Mécanisme d’emprunt de dernier ressort entre les systèmes nationaux d’indemnisation : ce dispositif repose sur le principe d’une solidarité entre les systèmes nationaux d’indemnisation. L’article proposé prévoit ainsi de créer entre eux un mécanisme d’emprunt, qui serait une solution de dernier ressort. Cette mesure devrait permettre aux systèmes nationaux d’indemnisation de disposer d’une source de financement de secours, dans des circonstances spécifiques et sur une base temporaire. Elle favorisera en outre une relation plus étroite et une meilleure coordination au jour le jour entre ces systèmes, de même qu’elle les incitera à harmoniser davantage leurs pratiques et leurs procédures de travail.

Des principes de financement détaillés et l’imposition d’une obligation de remboursement (dans un délai maximal de 5 ans) au système emprunteur, limiteront l’aléa moral entre systèmes sous-dimensionnés et systèmes financièrement mieux dotés.

Plafond d’indemnisation («principe de la coassurance») : la DSII autorise les États membres à plafonner l’indemnisation à un certain pourcentage (égal ou supérieur à 90%) de la créance d’un investisseur. Autrement dit, il peut être demandé au client de supporter une partie de ses pertes (selon le pourcentage d’indemnisation). La suppression de cette faculté devrait renforcer la protection accordée par la DSII aux investisseurs, parce que ceux-ci n’auront plus à supporter une partie de leurs pertes en cas de fraude dans une entreprise d’investissement ou de survenance d’autres problèmes affectant ses systèmes ou contrôles internes.

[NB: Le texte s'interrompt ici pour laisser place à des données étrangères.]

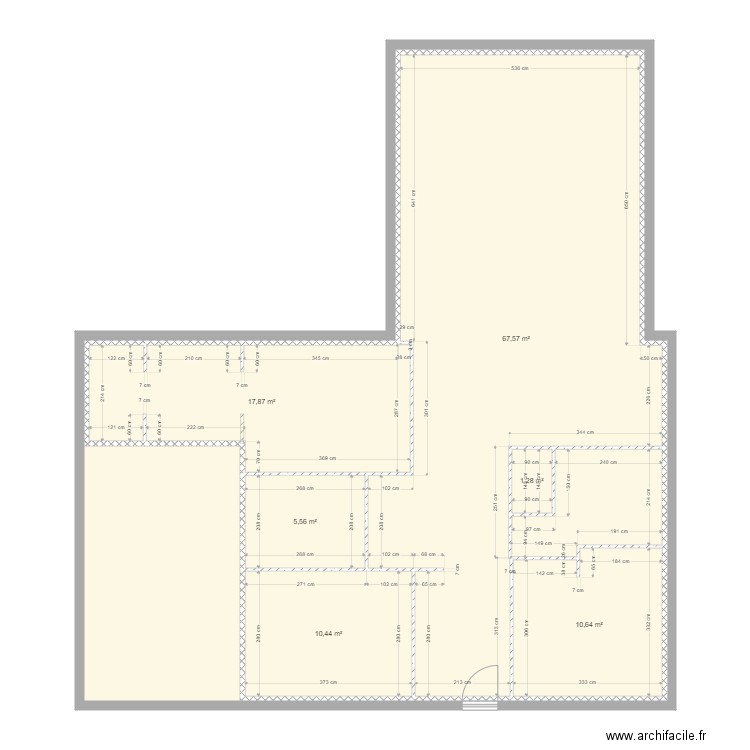 Maison. Plan de 7 pièces et 256 m2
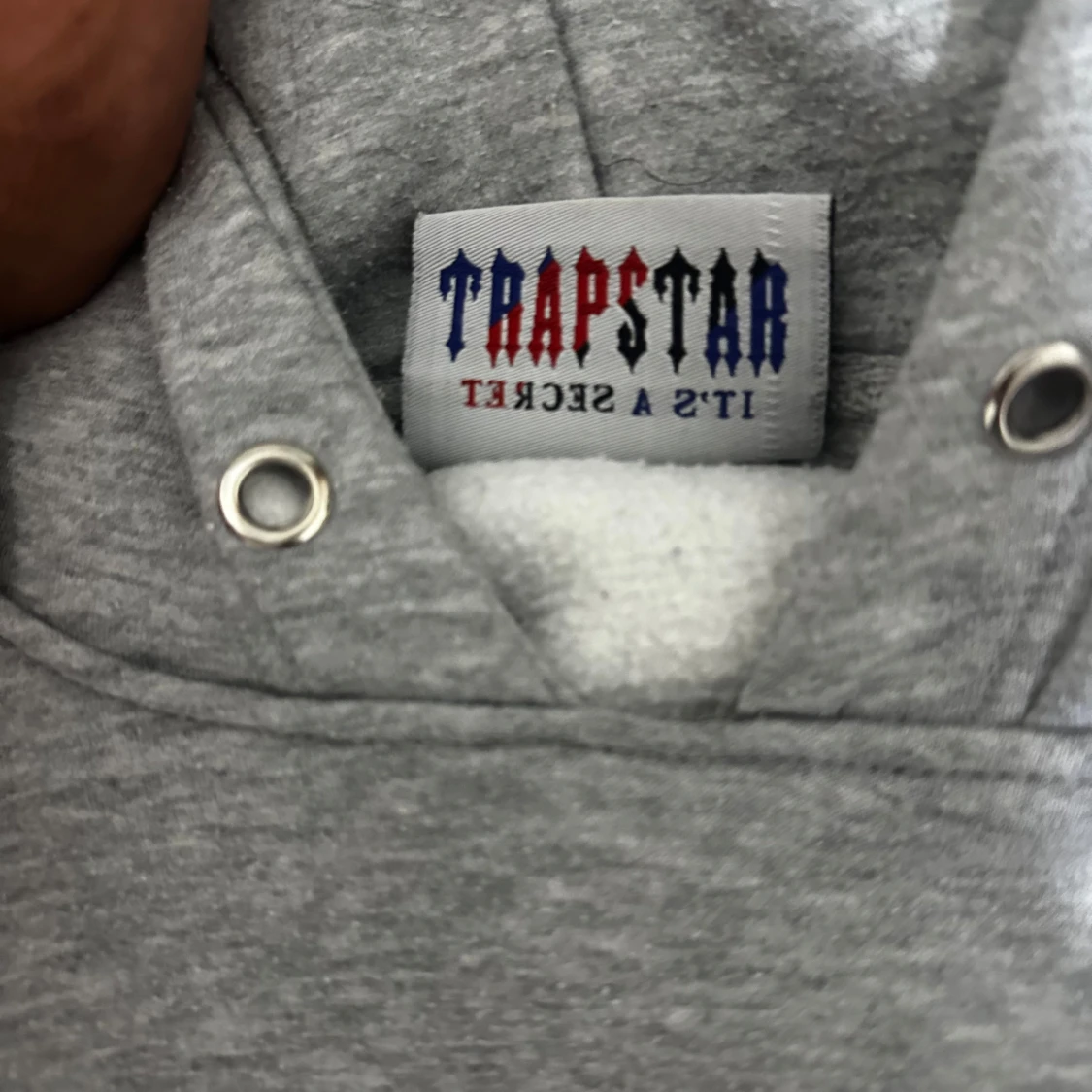 Grå Trapstar hoodie med tryck - 1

Toujours afin de mieux protéger les investisseurs, la disposition accordant actuellement aux États membres la possibilité d’exclure de la couverture offerte par les systèmes d’indemnisation les fonds libellés dans une monnaie autre que les leurs est supprimée. Dès lors que leurs fonds seront couverts indépendamment de la monnaie concernée, les investisseurs seront mieux protégés.

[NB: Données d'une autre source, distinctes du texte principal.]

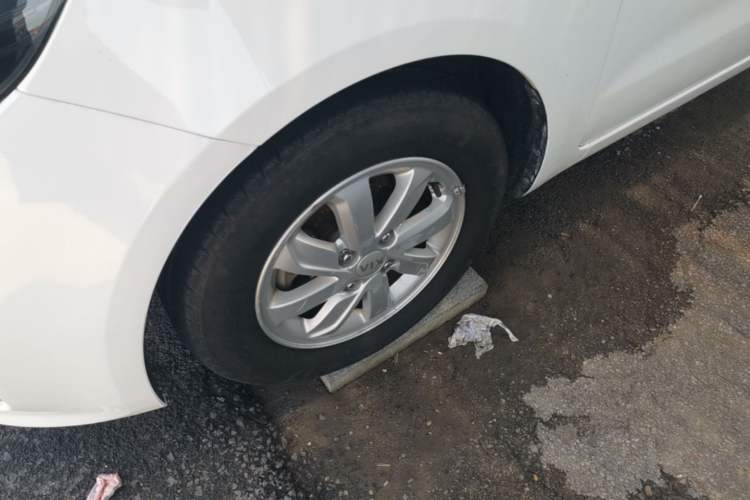 Used Kia K2 2015 Sedan 1.4L Automatic GLS Left Front Wheel Hub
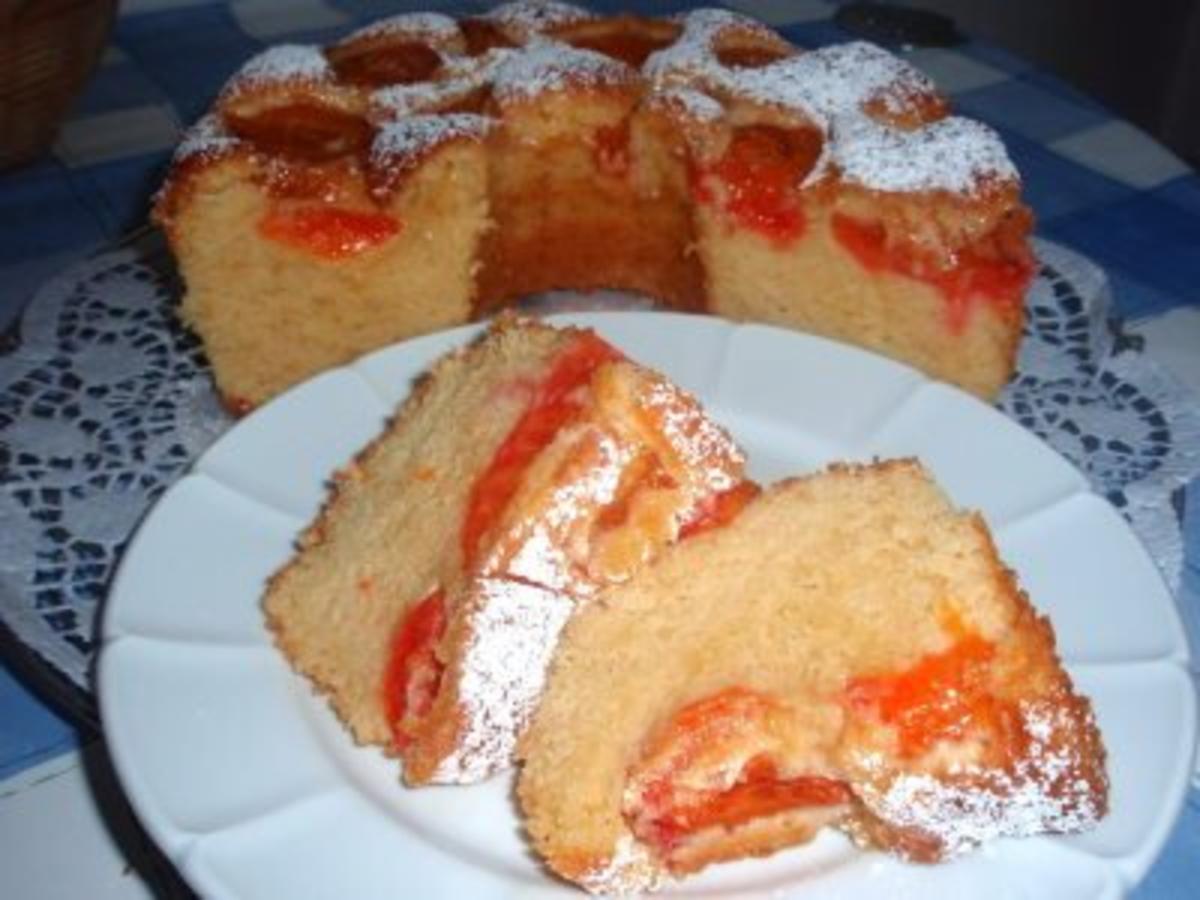Kuchen: Aprikosen-Kranz-Kuchen - Rezept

Délais de remboursement : la DSII fixe un strict délai de remboursement (dès que possible et au plus tard dans les trois mois). Dans la pratique, il s’écoule toutefois un laps de temps considérable avant que l’investisseur ne reçoive la moindre indemnisation.

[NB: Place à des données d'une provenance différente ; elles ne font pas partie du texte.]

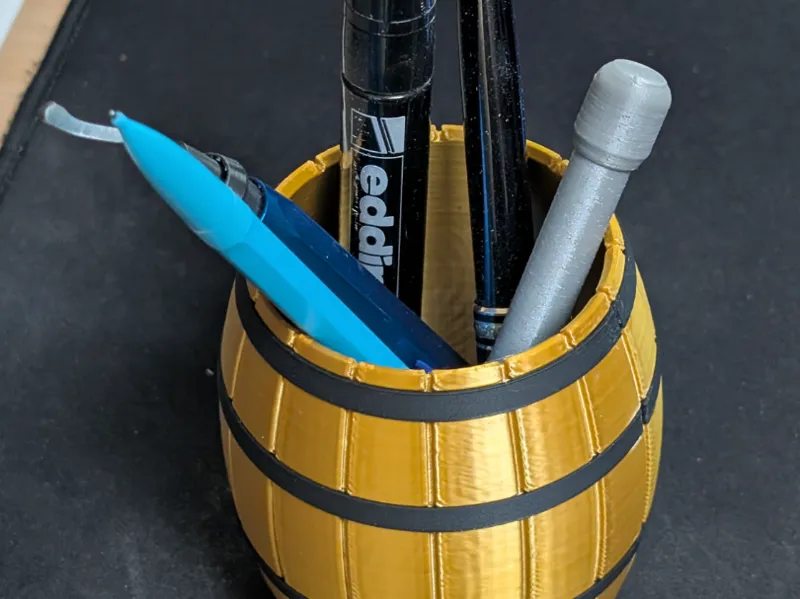 Tonneau porte crayon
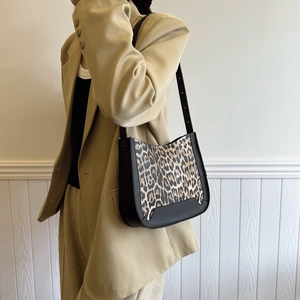 Sac à main tendance à imprimé léopard avec coutures en cuir noir et bandoulière réglable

La modification proposée impose aux systèmes d’indemnisation l’obligation de verser à titre provisoire une indemnisation partielle, fondée sur une première estimation de la créance, si le délai de remboursement dépasse une certaine durée. L’indemnisation partielle équivaudra à un tiers de cette première estimation de la créance. Le solde sera versé ultérieurement, une fois la créance pleinement établie. Les systèmes d’indemnisation doivent aussi pouvoir recouvrer les montants versés à titre provisoire s’il s’avère par la suite que la créance n’était en réalité pas valable.

La proposition précise en outre que les autorités compétentes ont trois mois pour constater l’incapacité d’une entreprise d’investissement de satisfaire à ses obligations envers les investisseurs. Information des investisseurs : la DSII est modifiée de façon à exiger également des gestionnaires d’OPCVM qu’ils informent les investisseurs, dans des termes clairs et simples, de ce qui est effectivement couvert par le système d’indemnisation dont ils dépendent (par exemple, le risque d’investissement est généralement exclu).

La proposition prévoit de compléter l’obligation faite actuellement aux entreprises d’investissement de fournir à leurs nouveaux clients des informations sur les systèmes d’indemnisation par une obligation de fournir des informations supplémentaires sur ce qui est indemnisé en vertu de la DSII et la façon dont celle-ci s’applique dans les situations transfrontalières, y compris dans le cas des OPCVM. Plus précisément, elle prévoit de leur imposer d’expliquer clairement que certaines pertes (résultant, par exemple, du risque d’investissement) ne donnent pas droit au versement d’une indemnisation au titre de la DSII.

INCIDENCE BUDGÉTAIRE : la proposition n’a aucune incidence sur le budget de l’Union.